» **TASK GOAL**:
Go through the listing below and write out exactly the lines from the one that mentions "Who's a Cute Poodle Sticker" through the one that mentions "Trio pack of", minus the pictures.

» **GIVEN RECORDS**:
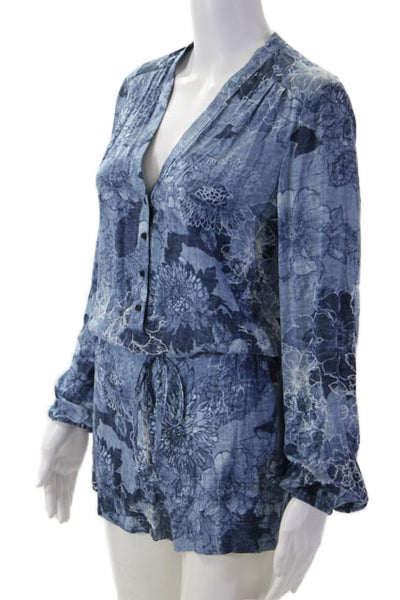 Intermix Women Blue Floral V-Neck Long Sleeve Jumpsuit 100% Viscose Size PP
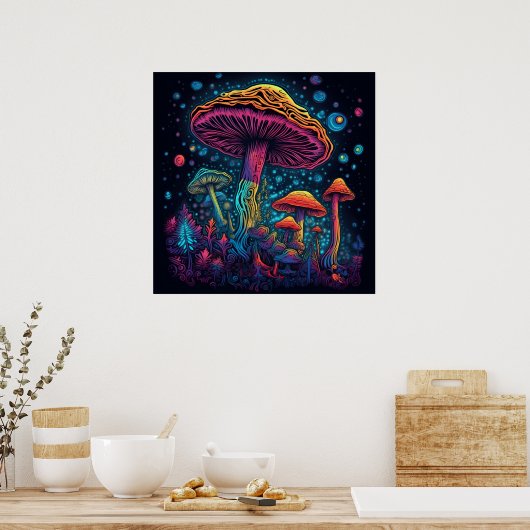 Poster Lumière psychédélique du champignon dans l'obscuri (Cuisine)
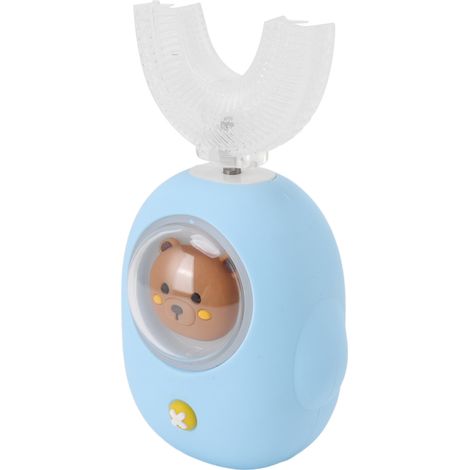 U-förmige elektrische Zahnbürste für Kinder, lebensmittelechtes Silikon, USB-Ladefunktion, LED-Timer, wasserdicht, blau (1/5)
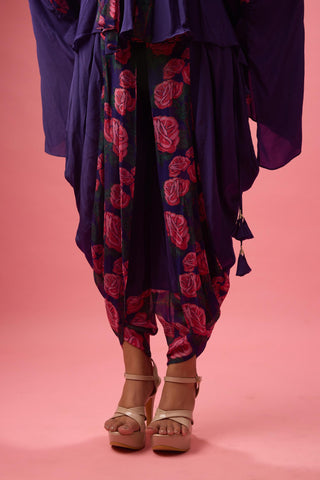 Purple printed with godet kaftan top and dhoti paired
---
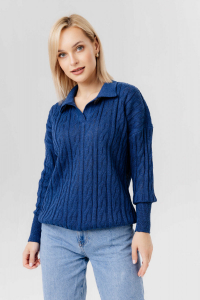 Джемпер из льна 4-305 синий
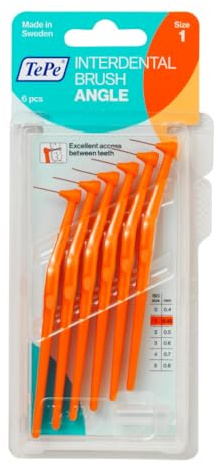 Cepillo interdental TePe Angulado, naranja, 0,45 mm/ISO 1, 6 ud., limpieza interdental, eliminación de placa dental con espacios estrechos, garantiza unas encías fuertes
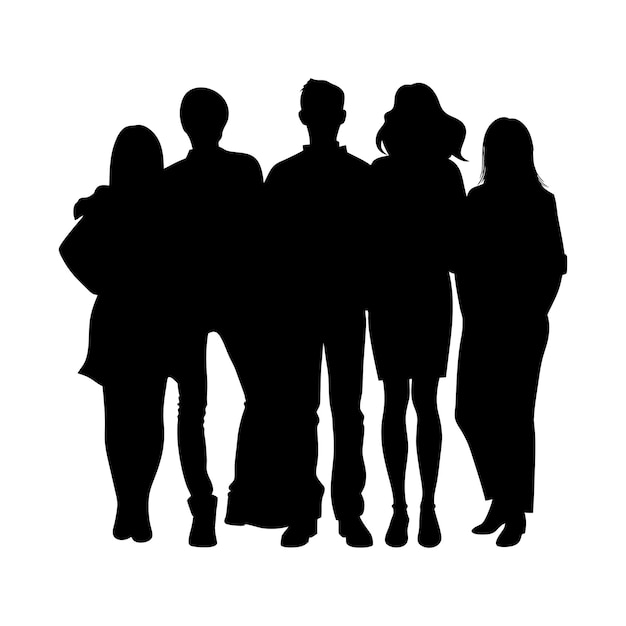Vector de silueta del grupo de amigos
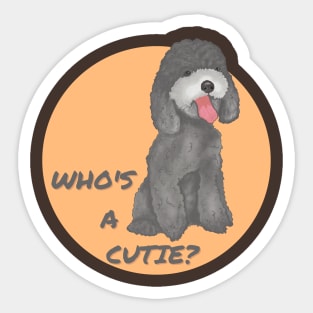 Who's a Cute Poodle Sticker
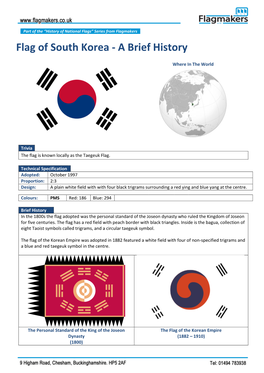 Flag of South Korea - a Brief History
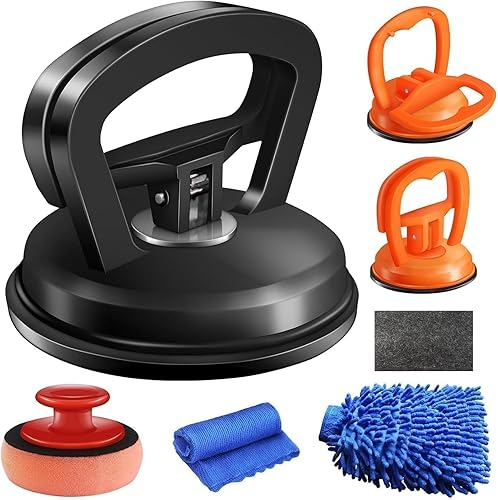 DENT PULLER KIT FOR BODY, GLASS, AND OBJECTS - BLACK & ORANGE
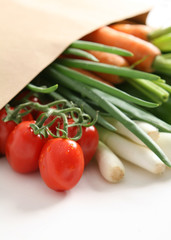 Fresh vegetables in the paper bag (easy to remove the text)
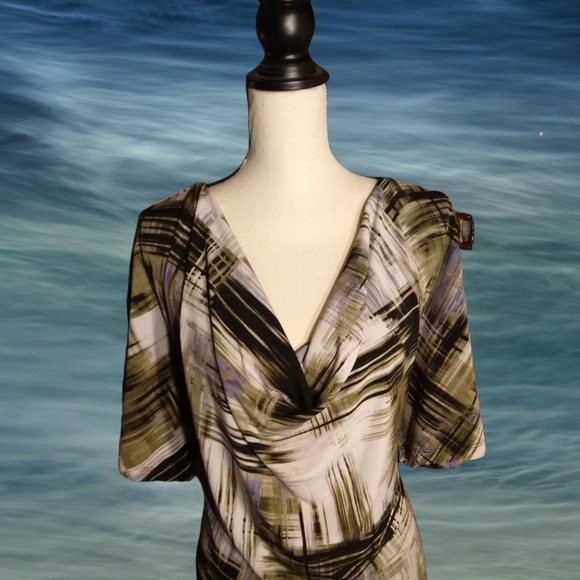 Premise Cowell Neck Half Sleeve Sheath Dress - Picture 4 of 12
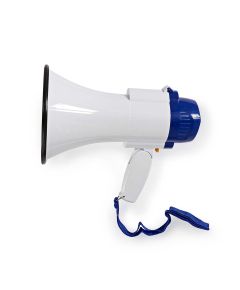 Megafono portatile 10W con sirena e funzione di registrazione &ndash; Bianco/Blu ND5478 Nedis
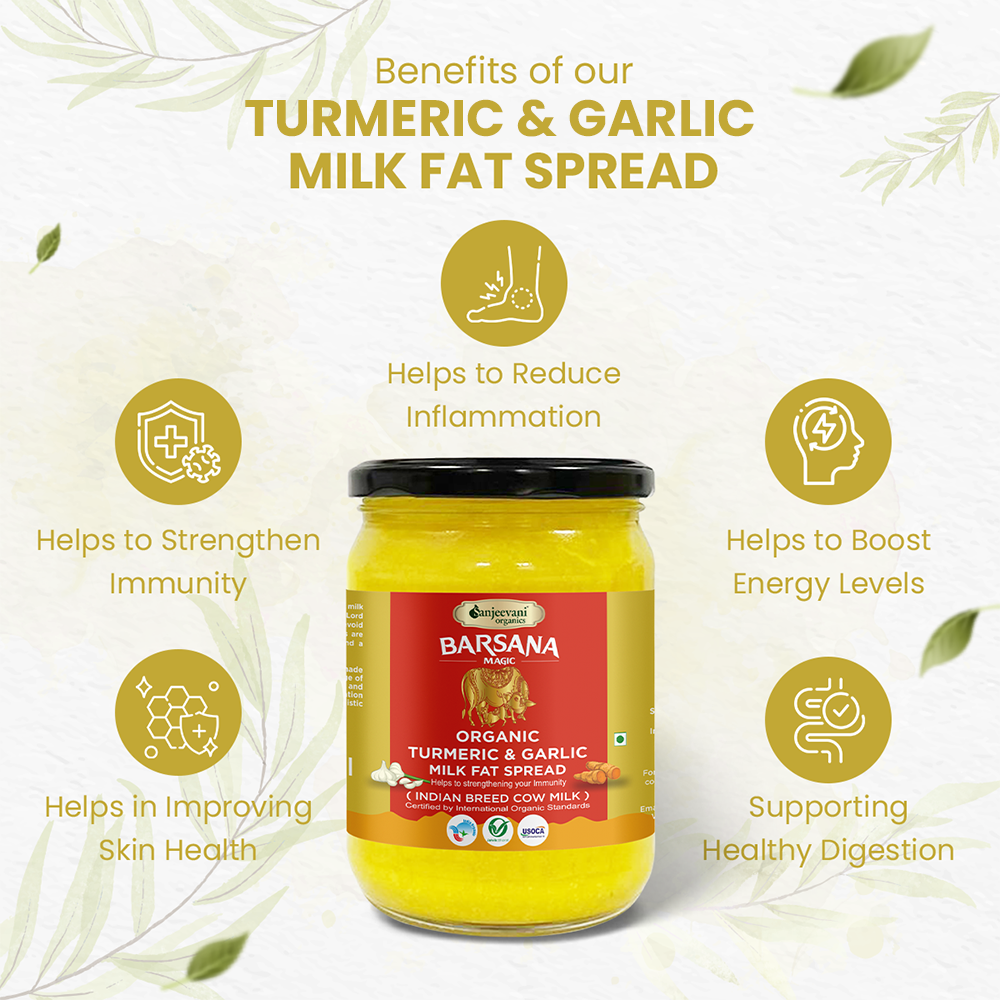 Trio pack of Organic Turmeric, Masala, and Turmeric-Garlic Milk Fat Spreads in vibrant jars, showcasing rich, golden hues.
---
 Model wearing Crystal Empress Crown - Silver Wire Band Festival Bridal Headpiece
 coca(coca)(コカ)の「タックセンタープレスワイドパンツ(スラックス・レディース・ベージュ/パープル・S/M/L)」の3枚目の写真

» **SOLVED PROBLEM**:
 Who's a Cute Poodle Sticker
 Flag of South Korea - a Brief History
 DENT PULLER KIT FOR BODY, GLASS, AND OBJECTS - BLACK & ORANGE
 Fresh vegetables in the paper bag (easy to remove the text)
 Premise Cowell Neck Half Sleeve Sheath Dress - Picture 4 of 12
 Megafono portatile 10W con sirena e funzione di registrazione &ndash; Bianco/Blu ND5478 Nedis
 Trio pack of Organic Turmeric, Masala, and Turmeric-Garlic Milk Fat Spreads in vibrant jars, showcasing rich, golden hues.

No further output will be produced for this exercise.